21. In evidence, the Respondent called Winnie Tumboh the Human Resource Manager who testified that she knows the Claimant after she applied for a job with the Respondent and got recruited upon successful interviews. A contract of employment was issued. The employment was subject to confirmation after 3 months’ probation period. The Claimant did not complete her probation and was at work for only 2 days.
22. On 5th July 2014 the Claimant reported at a managers meeting in naivasha. The Claimant was to report at the office on 7th July 2014 but failed to do so. There was no communication until January 2015. The Claimant reported to have given birth. She was asked general questions and if she could come back to work. That she deserted and Respondent could not take her back that the Claimant insisted to have a meeting which was fine and she made a request to resume work but such had been terminated upon desertion. There was no maternity leave given or approved as per Respondent procedures. Such should be documented following application through the line manager to the Human Resource Manager office.
23. Ms Winnie also testified that she did not know that the Claimant was pregnant.
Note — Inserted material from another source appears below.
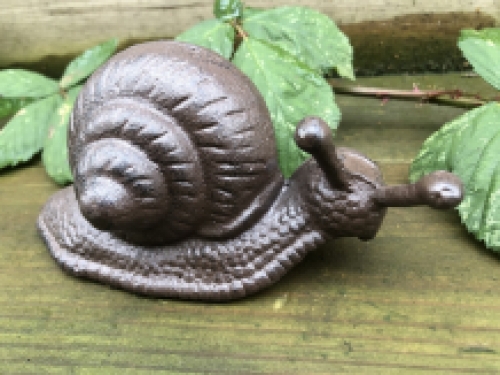 Gusseisen Schnecken braun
She could not approve such maternity leave while not aware of the pregnancy. In January 2015 that is when she learnt the Claimant had given birth. The Claimant terminated her own employment and cannot claim any dues from the Respondent.
24. The Claimant was never paid as she had done no work for the Respondent. At the claimant’s interview there was nothing on her pregnancy. At the meeting in naivasha, she did not note that the Claimant was pregnant as she interacted with all staff. When the Claimant was employed, the Respondent took her personal data, telephone number and email and when she deserted work, the Respondent did not follow up. When an employee is absent from work the Respondent is supposed to follow up but in the case of the Claimant she was not followed up because she was not in the Respondent system. The Claimant deserted work and could not be take through the disciplinary action as she was on probation and had not reported at the office.
Submissions
25. The Claimant submit that there was discrimination against her on grounds of her pregnancy which is contrary to article 27 of the constitution, sections 5 and 46 of the Employment Act and ILO Convention 1958 (No.111) on Discrimination (Employment and Occupation). That only after a day when the Claimant confined in the Human Resource Manager that she was pregnant, she was sent on leave without any documentation. That the Human Resource Manager had asked the Claimant why she had failed to disclose her pregnancy status during her interviews but this had not been an issue. That the constitution and the Employment Act forbid discrimination against any person directly or indirectly and this is one such case and the Claimant is entitled to damages.
26. That the allegations that the Claimant absconded work is not correct as the Respondent had all her data and never called her or issued letter of termination. The defence therefore made is not credible and should be dismissed. The inaction by the Respondent following the Claimant reporting to work is apparent that her pregnancy became an issue leading to her termination. This was contrary to the law. This is a matter the Court has taken seriously and addressed the same by an award of damages as held in Janine Buss versus GEMS Cambridge International School Limited, Cause No.612 of 2012.
27. The Claimant also submit that she was unfairly terminated without notice or being given a hearing and or being given reasons. Such is contrary to section 41 of the Employment Act. Even where section 42 of the Employment Act on probation is to be followed, there was no notice. Section 42 of the Employment Act does not operate as an ouster to fair labour relations as held in Mercy Njoki Karigithi versus Emerald Hotels Resorts & Lodges Ltd, Cause No.337 of 2013 (Njoki’s case).The Respondent violated the claimant’s rights in employment which amounted to unfairness pursuant to section 45 of the Employment Act. That the Claimant is entitled to the claims set out.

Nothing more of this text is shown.